Data in this exercise =>
-=-=-
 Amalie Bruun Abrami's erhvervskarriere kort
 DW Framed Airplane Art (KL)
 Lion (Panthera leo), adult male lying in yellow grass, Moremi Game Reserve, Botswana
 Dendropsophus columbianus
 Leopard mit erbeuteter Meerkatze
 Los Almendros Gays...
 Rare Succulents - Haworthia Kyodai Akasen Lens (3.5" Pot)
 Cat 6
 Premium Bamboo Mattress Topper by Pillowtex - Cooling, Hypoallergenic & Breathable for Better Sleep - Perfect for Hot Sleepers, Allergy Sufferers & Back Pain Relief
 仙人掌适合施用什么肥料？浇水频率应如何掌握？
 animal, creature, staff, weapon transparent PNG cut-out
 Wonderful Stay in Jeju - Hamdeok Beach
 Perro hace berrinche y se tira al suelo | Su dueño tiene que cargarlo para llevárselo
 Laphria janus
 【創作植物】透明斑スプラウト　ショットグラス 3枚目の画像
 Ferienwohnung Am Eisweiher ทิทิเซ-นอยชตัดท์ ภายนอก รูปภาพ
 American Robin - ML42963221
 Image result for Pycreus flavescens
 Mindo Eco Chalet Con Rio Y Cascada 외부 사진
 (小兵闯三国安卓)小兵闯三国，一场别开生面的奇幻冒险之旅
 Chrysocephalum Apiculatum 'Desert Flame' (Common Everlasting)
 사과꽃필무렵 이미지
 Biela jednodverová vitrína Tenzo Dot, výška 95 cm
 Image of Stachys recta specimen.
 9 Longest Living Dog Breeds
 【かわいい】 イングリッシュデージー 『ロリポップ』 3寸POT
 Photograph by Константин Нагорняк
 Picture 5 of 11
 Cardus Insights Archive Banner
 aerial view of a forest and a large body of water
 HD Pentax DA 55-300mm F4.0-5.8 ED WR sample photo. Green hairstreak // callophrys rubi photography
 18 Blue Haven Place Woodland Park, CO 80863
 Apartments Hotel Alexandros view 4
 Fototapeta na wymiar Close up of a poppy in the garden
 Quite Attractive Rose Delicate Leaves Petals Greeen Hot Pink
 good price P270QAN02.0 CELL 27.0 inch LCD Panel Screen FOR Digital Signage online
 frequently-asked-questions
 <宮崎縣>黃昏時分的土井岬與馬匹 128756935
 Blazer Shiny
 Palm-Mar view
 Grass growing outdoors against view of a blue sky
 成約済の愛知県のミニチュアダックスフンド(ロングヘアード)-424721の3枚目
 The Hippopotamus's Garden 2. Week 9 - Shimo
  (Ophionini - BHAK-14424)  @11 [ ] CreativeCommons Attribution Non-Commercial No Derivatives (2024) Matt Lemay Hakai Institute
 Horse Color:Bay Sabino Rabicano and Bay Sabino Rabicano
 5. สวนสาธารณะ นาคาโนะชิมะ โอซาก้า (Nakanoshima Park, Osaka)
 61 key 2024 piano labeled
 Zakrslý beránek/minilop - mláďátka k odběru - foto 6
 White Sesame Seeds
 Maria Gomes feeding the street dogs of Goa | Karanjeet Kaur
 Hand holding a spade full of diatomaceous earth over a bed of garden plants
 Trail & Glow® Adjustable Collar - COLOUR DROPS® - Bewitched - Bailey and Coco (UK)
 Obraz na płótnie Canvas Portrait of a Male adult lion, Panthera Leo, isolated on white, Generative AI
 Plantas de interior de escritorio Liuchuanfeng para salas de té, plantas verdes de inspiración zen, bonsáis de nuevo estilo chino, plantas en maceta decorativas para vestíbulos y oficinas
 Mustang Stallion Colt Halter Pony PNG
-=-=-
Task directions =>
From the entries above, list each line with "Panthera" in it.

Result for this exercise =>
 Lion (Panthera leo), adult male lying in yellow grass, Moremi Game Reserve, Botswana
 Obraz na płótnie Canvas Portrait of a Male adult lion, Panthera Leo, isolated on white, Generative AI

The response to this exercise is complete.